Governments embrace Serco then wonder why they fail

Another day and yet another example of the British multinational unable to manage the job (and good on the Australian’s Paige Taylor for reporting on this running sore):

There are now tensions among guards as well as detainees on Christmas Island.

Up to 100 untrained casual detention workers at the centre claim they are doing the same work as qualified security officers but are paid about $800 a week less.

Serco, the company chosen to run Australia’s immigration detention centres, is battling a shortage of workers on the remote island and has grown concerned by recent resignations and dissatisfaction among the lower-paid workforce employed by subcontractor MSS.

Serco has begun recruiting MSS workers in a bid to quell disquiet and prevent further resignations, The Australian has been told. “We’re the ones doing all the work while Serco workers get the good pay,” one MSS worker told The Australian.

“Some Serco officers are sympathetic but some just lord it over you because you haven’t done the Serco course.
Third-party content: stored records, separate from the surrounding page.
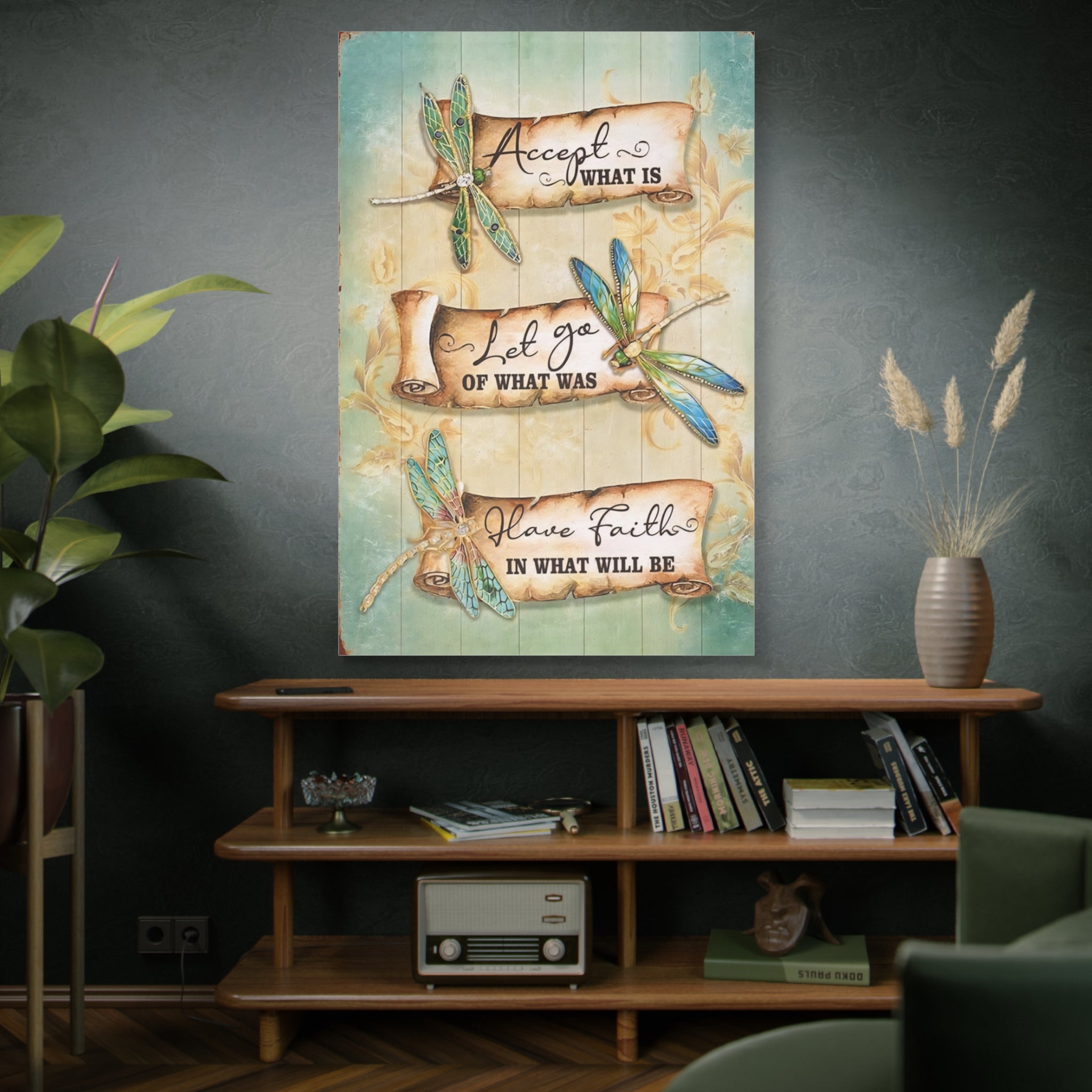 Inspirational Dragonfly Canvas Wall Art - "Accept What Is, Let Go, Have Faith"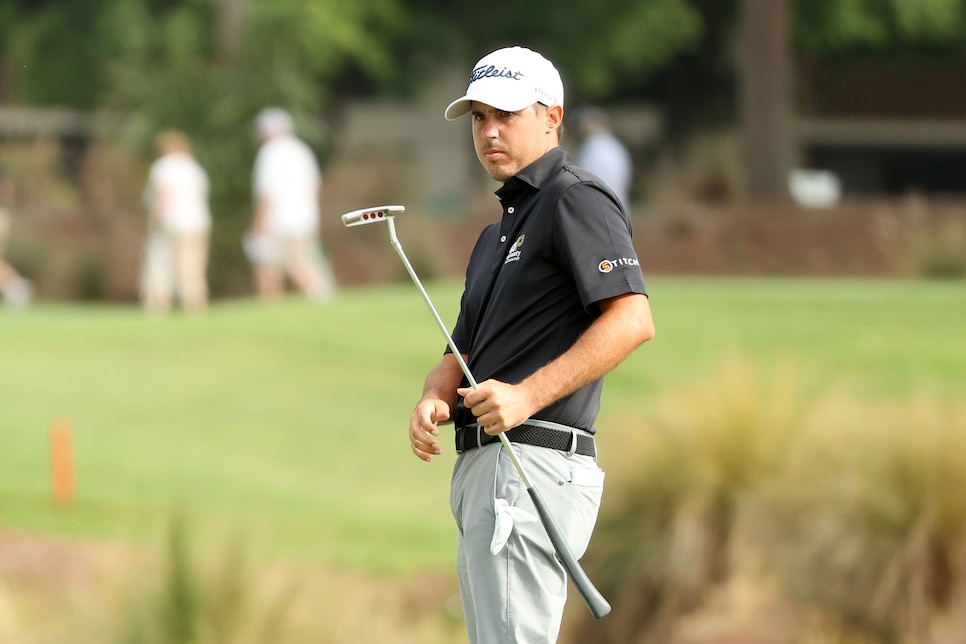 PALM BEACH GARDENS, FLORIDA - MARCH 19: Chase Koepka of the United States reacts to a putt on the third green during the second round of The Honda Classic at PGA National Champion course on March 19, 2021 in Palm Beach Gardens, Florida. (Photo by Cliff Hawkins/Getty Images)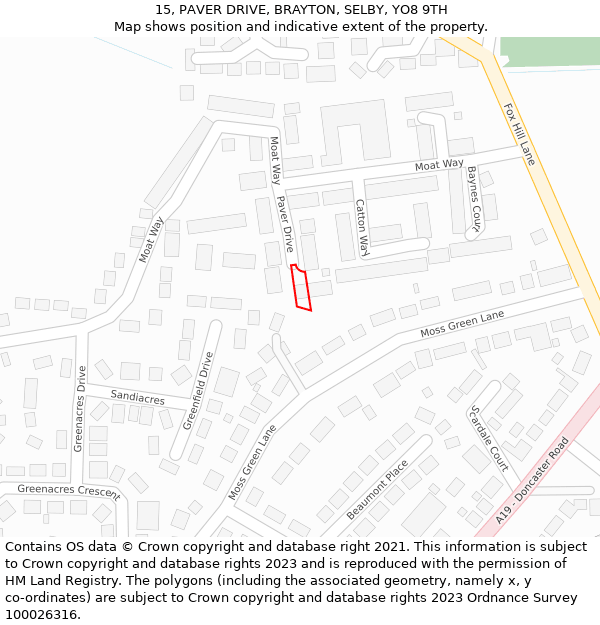 15, PAVER DRIVE, BRAYTON, SELBY, YO8 9TH: Location map and indicative extent of plot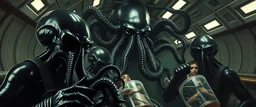 master oil painting by Rembrandt, black glistening slimy octopus insectoid hypnotic Nephilim tribe trauma watchers commando in spaceship with some scared humans in huge canisters, in the style of Giger, 3d anime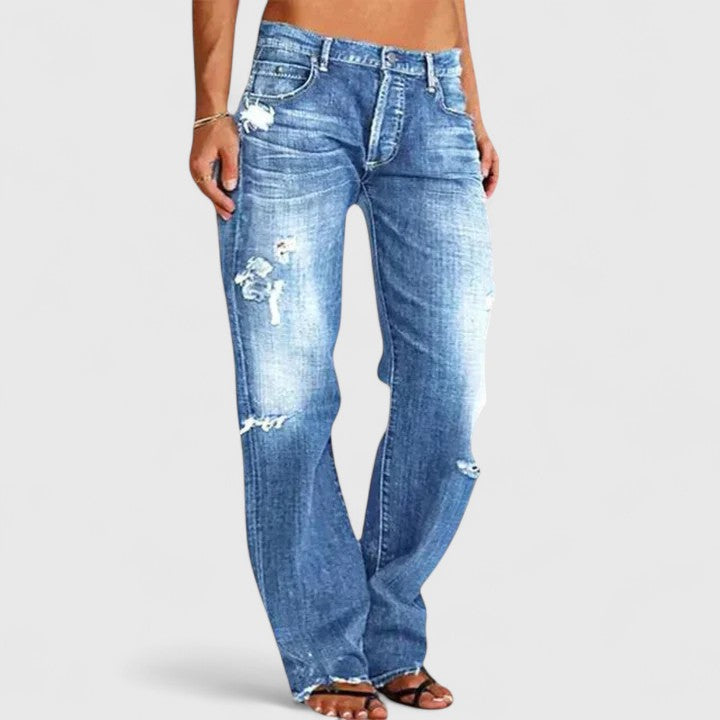 Jean bootcut femme en coton avec effets usés, collection automne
We’re not even supposed to have contact with the clients (detainees) and we’re running the place.”

Under Australian law, detention centre officers who interact with asylum-seekers in detention must complete a training course that usually takes six weeks.

The paper published a long feature yesterday that detailed what Serco has become and why so many officials find them so appealing. And yet despite the company’s troubling record, it doesn’t seem to stop them receiving more and more contracts. That’s the genius of unquestioned privatisation; transferring the problems of the state to others:

Serco, the company that has attracted headlines by operating Australia’s troubled immigration detention centres, says that unlike some US contracting firms it is not interested in providing armed forces.

It does, however, provide a wide array of defence support services. Serco’s expansion from a small cinema company into today’s multi-tasking giant with a £4.3 billion ($6.6bn) annual turnover began with a 1962 contract to build and support a missile early warning system at a Royal Air Force base.

Its military work now gives it a role on every defence base in Australia and includes training RAF pilots and helping to manage the Atomic Weapons Establishment that provides and maintains Britain’s nuclear warheads.

At the same time it has moved into everything from administration services to education, transport and healthcare. It is one of the largest air traffic control operators in the world and is Britain’s largest employer of scientists.

With the Cameron government determined to outsource more services and Serco’s foreign earnings growing rapidly to 40 per cent of its revenues the company has become a blue-chip darling of London stock analysts, with many of its operations not just recession-proof but benefiting from an era of government cutbacks.

n 2005 the Chief Inspector of Prisons reported that Serco’s Doncaster prison was run with an “institutional meanness” that was reflected in “the physical conditions in which many prisoners lived, which in some cases were squalid”. “Many prisoners lacked pillows, adequate mattresses [and] toilet seats,” the inspector said.

One person familiar with the prison at that time tells The Australian part of the problem was that a private company’s duties had to be encapsulated in a contract. “In that case the contract said the company had to maintain proper toilets but it didn’t say anything about toilet seats, and it said there had to be decent bedding but it didn’t mention pillows.”

The next inspection in 2008 found things had improved at Doncaster although some “two-person cells had been turned into three-person cells by placing a bed in the shared toilet [cubicle].”

David Ramsbotham, chief inspector of prisons from 1995 to 2001, believes private firms cut costs in a worrying way.

“The thing that worries me most about the private sector prisons is that frankly because obviously they are trying to make a profit they have got to decide where they can afford to cut corners and the corners they cut are usually to do with staffing and staff numbers,” he says.